I arrived in the UK in October 2016. I was heading to Southend-on-Sea in Essex to complete my Bachelor degree at University. Having moved out of my home country Germany was a big step at the time. Now, I am fully involved as a digital marketing manager in our agency Leadcube in the UK and I can reflect on what makes the two countries different.
Many people often asked me about differences between the two cultures and what made me come to the United Kingdom. In fact, I hear that all the time and it is an interesting question indeed. Although the two countries are not located far from each other and are both part of Europe, there are substantial differences in terms of culture, especially in the work environment.
In the article, I aim to breakdown the striking as well as hidden contrasts with regards to the work culture of the two countries. I hope to provide some learning points that can become useful in terms of work culture and cross-cultural communication.
As we know, the typical British workstyle is 9 to 5 which employers and employees seems to follow more or less. In Germany, I remember the typical start of the working day to be at 8 am. Also, in school and high school we hardly start after 8 am.
Does that make any difference? Germans usually work 38-40 hour weeks in fulltime employment, e.g. 8am – 4:30pm with a half hour lunch break. If you think about it, the German industry is already 2 hours ahead due to the adapted office hours and the timezone difference. Statistics proofs that Germany has higher productivity and a higher GDP per capita. In this sense, there might be an advantage for the German work ethic (CIA.gov publication, Independent.co.uk article ).
These standards obviously don’t involve business owners and entrepreneurs who set their own schedules and standards.
Let’s have a look on another factor, different behaviour and manners. The UK in my view is the more easy-going country. The German market favours professionalism and formalism. It is also common to greet your manager or even fellow employees by the surname, like. “Good morning Mr. Mueller”. In Britain, I have experienced the culture to be more down-to-earth and with easier communication. That being said, the UK also has its traditional values and hierarchies in place.

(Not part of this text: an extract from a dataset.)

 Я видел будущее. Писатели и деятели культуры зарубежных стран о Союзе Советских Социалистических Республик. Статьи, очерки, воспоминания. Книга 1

Alongside to a formal and professional environment, Germans tend to overcomplicate things. Everything has to be put into processes and be audited, validated and standardized, etc. While this proves to be helpful to quality standards in the economy, it sometimes appears over-the-top to be dealing with constant paperwork that inhibit independent thinking. The corporate environment in Germany doesn’t have much room for change management driven by employees which was one reason for me to leave. To bring this disparity of different attitudes into a few words: The Brit says “Let’s make some money!”, while the German says “How can we validate this process?”.
With regards to of openness for change, both countries score equally low in my perception. Germany has a conservative nature and people are being taught to follow the system, get a safe and secure job and so on, and so forth. The UK teaches Entrepreneurship at University and seems to be open-minded in that sense, but in reality it is about the same. Few people follow their inclination and rather play it safe which is frustrating to see.
The Start-up culture in London is huge, it’s probably one of the biggest hubs in the world. In Germany, online and digital marketing businesses are being centered around Berlin. The UK has a competitive advantage for access to capital and funding. In London it is much easier to get equity funding and venture capital, while Germany still has a risk-averse mentality. You often hear German entrepreneurs raising this point, but the culture is hard to change. It took a long time before the successful TV format, Dragon’s Den (UK) or Shark Tank (US) for providing start-ups the opportunity to pitch, found its way into Germany, just a few years ago.
Something else must be said: Some Germans sometimes have this strange belief that successful people must have done something dodgy or criminal to get there. Nobody likes to admit it, but the country has some kind of resentment problem. If you park a Ferrari car on the street in Germany, I can happen that you’ll find it being scratched or damaged. I haven’t come across that in Britain so far. Further, let’s have a look into America and you will see, things are a lot different and more relaxed in that sense.
Moving on to another interesting point: The language we use to communicate. In Germany, you will find it very common to be direct and straightforward in personal and professional communication. In the UK, I have got the impression that people sometimes tend to hide what they really think. This can make communication difficult and sales processes hard and long for the business. As an example, one UK-based recruitment consultant told me than he more than doubled the amount of deals he made after he shifted his business to the German market.
To summarize this introduction into cultural differences, both countries are unique and have its own culture. We found some similarities in terms of conservativism and overall strong economies. I think it’s important to accept these disparities and continue to respect each other as much as we should do the same as with other countries. Discussing these cultural anecdotes is important and I hope this article will help you understand both countries in a better way.